• EXERCISE:
Entries follow. Give back exactly the lines starting at the one containing "So that was" and ending at the one containing "Hello everyone, welcome", and no other lines.

● ● ●

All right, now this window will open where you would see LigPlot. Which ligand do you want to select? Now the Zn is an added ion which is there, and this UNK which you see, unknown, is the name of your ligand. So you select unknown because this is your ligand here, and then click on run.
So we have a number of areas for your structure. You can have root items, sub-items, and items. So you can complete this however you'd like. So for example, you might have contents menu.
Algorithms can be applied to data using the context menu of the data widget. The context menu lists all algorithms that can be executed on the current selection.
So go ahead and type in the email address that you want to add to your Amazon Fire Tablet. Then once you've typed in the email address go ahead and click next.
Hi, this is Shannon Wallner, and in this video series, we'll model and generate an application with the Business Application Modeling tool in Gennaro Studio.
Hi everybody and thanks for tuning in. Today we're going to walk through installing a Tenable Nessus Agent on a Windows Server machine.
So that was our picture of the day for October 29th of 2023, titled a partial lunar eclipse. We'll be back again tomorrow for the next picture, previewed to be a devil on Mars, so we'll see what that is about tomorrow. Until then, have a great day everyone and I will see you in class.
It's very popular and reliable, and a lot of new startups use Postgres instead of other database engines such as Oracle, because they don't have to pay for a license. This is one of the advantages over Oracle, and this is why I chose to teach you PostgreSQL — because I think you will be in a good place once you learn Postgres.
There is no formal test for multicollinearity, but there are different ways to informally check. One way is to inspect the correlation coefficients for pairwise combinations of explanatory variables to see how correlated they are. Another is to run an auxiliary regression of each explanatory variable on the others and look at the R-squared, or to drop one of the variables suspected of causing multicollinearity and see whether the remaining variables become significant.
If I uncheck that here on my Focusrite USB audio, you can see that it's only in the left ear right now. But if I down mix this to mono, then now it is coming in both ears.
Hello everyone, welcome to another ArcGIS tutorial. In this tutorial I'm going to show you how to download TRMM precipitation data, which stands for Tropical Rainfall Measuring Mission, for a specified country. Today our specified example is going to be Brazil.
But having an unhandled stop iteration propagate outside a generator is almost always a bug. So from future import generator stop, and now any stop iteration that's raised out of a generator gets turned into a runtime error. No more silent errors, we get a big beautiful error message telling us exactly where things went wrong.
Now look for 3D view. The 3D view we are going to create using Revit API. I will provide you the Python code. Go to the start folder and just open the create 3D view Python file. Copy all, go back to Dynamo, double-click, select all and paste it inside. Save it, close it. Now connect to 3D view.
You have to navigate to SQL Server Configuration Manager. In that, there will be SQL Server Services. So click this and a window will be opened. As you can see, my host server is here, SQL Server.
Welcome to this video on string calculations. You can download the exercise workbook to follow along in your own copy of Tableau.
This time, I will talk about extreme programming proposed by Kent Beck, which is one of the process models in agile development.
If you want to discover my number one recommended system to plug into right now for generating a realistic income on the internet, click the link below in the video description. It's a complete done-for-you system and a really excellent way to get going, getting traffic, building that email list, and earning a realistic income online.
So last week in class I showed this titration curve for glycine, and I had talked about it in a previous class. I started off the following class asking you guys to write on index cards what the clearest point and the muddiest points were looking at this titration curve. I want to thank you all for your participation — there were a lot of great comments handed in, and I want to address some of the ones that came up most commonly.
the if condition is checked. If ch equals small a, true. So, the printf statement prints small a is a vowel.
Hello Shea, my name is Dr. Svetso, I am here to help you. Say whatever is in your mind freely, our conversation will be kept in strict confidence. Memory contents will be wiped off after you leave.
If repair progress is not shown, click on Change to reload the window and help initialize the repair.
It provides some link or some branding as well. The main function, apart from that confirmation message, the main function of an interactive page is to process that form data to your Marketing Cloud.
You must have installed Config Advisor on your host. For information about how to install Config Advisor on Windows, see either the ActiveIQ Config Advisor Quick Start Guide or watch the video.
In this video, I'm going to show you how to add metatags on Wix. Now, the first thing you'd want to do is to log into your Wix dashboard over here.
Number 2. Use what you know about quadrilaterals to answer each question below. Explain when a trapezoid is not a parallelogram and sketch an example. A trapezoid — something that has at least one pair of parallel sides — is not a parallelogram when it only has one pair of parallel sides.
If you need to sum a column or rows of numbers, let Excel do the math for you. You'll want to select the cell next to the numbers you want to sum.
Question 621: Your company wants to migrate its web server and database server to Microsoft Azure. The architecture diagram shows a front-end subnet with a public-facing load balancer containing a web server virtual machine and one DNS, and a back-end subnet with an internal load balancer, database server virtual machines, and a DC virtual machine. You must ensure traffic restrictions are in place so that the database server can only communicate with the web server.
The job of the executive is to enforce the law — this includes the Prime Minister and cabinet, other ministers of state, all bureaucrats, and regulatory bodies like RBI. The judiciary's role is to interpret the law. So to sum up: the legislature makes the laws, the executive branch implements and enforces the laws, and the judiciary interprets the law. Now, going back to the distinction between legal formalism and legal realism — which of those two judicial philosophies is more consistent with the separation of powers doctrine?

● ● ●

• TASK SOLUTION:
So that was our picture of the day for October 29th of 2023, titled a partial lunar eclipse. We'll be back again tomorrow for the next picture, previewed to be a devil on Mars, so we'll see what that is about tomorrow. Until then, have a great day everyone and I will see you in class.
It's very popular and reliable, and a lot of new startups use Postgres instead of other database engines such as Oracle, because they don't have to pay for a license. This is one of the advantages over Oracle, and this is why I chose to teach you PostgreSQL — because I think you will be in a good place once you learn Postgres.
There is no formal test for multicollinearity, but there are different ways to informally check. One way is to inspect the correlation coefficients for pairwise combinations of explanatory variables to see how correlated they are. Another is to run an auxiliary regression of each explanatory variable on the others and look at the R-squared, or to drop one of the variables suspected of causing multicollinearity and see whether the remaining variables become significant.
If I uncheck that here on my Focusrite USB audio, you can see that it's only in the left ear right now. But if I down mix this to mono, then now it is coming in both ears.
Hello everyone, welcome to another ArcGIS tutorial. In this tutorial I'm going to show you how to download TRMM precipitation data, which stands for Tropical Rainfall Measuring Mission, for a specified country. Today our specified example is going to be Brazil.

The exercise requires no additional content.